Praise Is Rising

by Brenton Brown

What "Praise Is Rising" means

The image at the center of "Praise Is Rising" is movement: something that was still is now in motion, something that was quiet is now finding its voice. Brenton Brown's song captures the moment the congregation pivots, not from silence to sound, but from ordinary life to oriented attention. That is the moment every worship gathering is trying to create, and this song names it as it happens rather than demanding the congregation arrive somewhere they are not yet.

The title borrows the imagery of incense ascending: praise rising, hearts turning toward the King. Psalm 24:7-10 provides the structural backbone, the invitation for the King of glory to come in, the gates lifting, the ancient doors swinging open. The song positions the congregation's praise as the mechanism by which the room opens itself to God. To sing "praise is rising" is to announce that the people are ready. It is a declaration about what is happening in the room even as the congregation is learning to believe it.

Brenton Brown's songwriting stays accessible without being thin. The melody is memorable from a first hearing, the theology is clear without being dense, and the tempo at 102 BPM in 4/4 sits in the range where the congregation can both move and think. Male key lands in D, female in F. The mid-tempo groove sets an expectant rather than frantic energy, which is exactly right for a gathering's opening moments when the congregation is still arriving from wherever they have been.

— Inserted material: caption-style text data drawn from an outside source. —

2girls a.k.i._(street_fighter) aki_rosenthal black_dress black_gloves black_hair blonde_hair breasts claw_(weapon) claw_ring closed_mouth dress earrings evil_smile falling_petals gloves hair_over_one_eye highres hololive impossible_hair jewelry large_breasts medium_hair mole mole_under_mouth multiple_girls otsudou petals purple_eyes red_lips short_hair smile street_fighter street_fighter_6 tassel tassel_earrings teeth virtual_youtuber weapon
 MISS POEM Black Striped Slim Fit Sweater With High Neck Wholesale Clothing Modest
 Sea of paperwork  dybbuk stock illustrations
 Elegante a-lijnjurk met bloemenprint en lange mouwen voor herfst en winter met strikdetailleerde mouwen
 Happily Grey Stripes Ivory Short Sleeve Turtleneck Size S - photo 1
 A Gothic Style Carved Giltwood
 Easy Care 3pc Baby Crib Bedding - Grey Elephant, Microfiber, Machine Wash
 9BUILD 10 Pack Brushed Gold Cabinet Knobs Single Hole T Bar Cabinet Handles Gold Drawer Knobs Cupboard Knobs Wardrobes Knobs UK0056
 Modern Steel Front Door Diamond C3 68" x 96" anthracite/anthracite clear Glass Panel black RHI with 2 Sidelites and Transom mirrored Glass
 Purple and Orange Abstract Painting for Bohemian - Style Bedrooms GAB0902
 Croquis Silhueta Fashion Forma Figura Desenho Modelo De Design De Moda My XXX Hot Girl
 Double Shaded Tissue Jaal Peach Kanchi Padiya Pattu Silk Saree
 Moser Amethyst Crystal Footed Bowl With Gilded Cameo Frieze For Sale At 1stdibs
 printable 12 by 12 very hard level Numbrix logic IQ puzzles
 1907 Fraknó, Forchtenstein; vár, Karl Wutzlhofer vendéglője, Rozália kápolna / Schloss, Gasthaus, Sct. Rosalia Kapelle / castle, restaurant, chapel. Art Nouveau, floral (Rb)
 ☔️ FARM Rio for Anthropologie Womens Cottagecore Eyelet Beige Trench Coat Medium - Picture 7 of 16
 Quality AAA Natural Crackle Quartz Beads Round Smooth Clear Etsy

What this song does in a room

Transition is the invisible challenge of every Sunday gathering. People arrive carrying last week. Distracted, tired, preoccupied. The opening song is not just a musical warm-up. It is a pastoral act of reorientation. A song that works in that moment does not demand the congregation be somewhere they are not. It meets them where they are and walks them forward.

"Praise Is Rising" works because it describes what is actually happening as it is happening. The congregation is gathering. Praise is rising, not fully formed yet, not at full volume, but beginning. To sing that is to name the truth of the moment and participate in it simultaneously. By the second chorus, the room tends to have arrived at what the song was calling them toward. The description becomes the reality as the congregation inhabits it.

What this song is saying about God

The song declares that God's presence responds to His people's praise. Not that praise earns or summons God against His will, but that when His people turn toward Him, He meets that turning. That is the theology of Psalm 24: the King of glory comes in when the doors open. The congregation's praise is the door opening, and the song asks the congregation to be the ones who open it.

The song also carries the implicit conviction that God is worth this, worth the turn, worth the posture, worth the gathered voice of His people offered in expectation. To say "praise is rising" is to affirm that what rises is appropriate to its object. He is the King of glory, and the congregation's praise is their response to that reality.

Scriptural backbone

Psalm 24:7-10 is the central text, the invitation and declaration around the coming of the King of glory: "Lift up your heads, O you gates; be lifted up, you ancient doors, that the King of glory may come in." The song is a liturgical embodiment of that invitation. The congregation as the gates lifting, their praise as the mechanism of that lifting. The identity of the King is the answer the song returns to repeatedly: the Lord strong and mighty, the Lord Almighty, the King of glory who inhabits His people's praise.

How to use it in a service

The first or second song of a gathering. That is its home. It functions as a musical declaration that the congregation has arrived and is now present for something more than attendance. It sets the expectation that God is going to show up because His people have shown up and their praise has gone before them.

Do not use it as a second-half song or a post-sermon response. The momentum and the imagery belong at the front. If the set order needs a pivot from this song to something quieter, plan a smooth transition that does not jar the congregation out of the expectant posture the song just created. Give them a bridge, not a sharp stop.

Things to watch for as the worship leader

The opening is everything in a song like this. A strong, clean downbeat, leader and band locked in and projecting confidence from the first note, tells the congregation that something is beginning and they are invited into it. Hesitation at the front communicates uncertainty, and uncertain congregations stay cautious.

Pacing matters here too. The song has a natural energy arc. Resist the urge to peak too early. Let the dynamics build through the song so that by the final chorus the room feels like praise has actually risen, not like praise was announced and then held at one level throughout. The congregation should feel something has shifted by the end of the song.

A note for the team behind you (techs, vocalists, band)

Tight is the operative word. Clean entrances, clear cues, no long instrumental sections at the very open when the congregation is still finding their footing. The band serves as the on-ramp here. Bring the congregation in quickly, not after four bars of instrumental showcase.

Vocalists: clear, confident, and forward in the mix for the first chorus. The congregation is learning the melody in real time on week one and reinforcing it on subsequent weeks. Lead the melody cleanly before adding any additional texture. Techs, make sure the kick and snare are punchy enough to drive the mid-tempo groove without overpowering the vocal. The congregation should feel the pulse without being battered by it.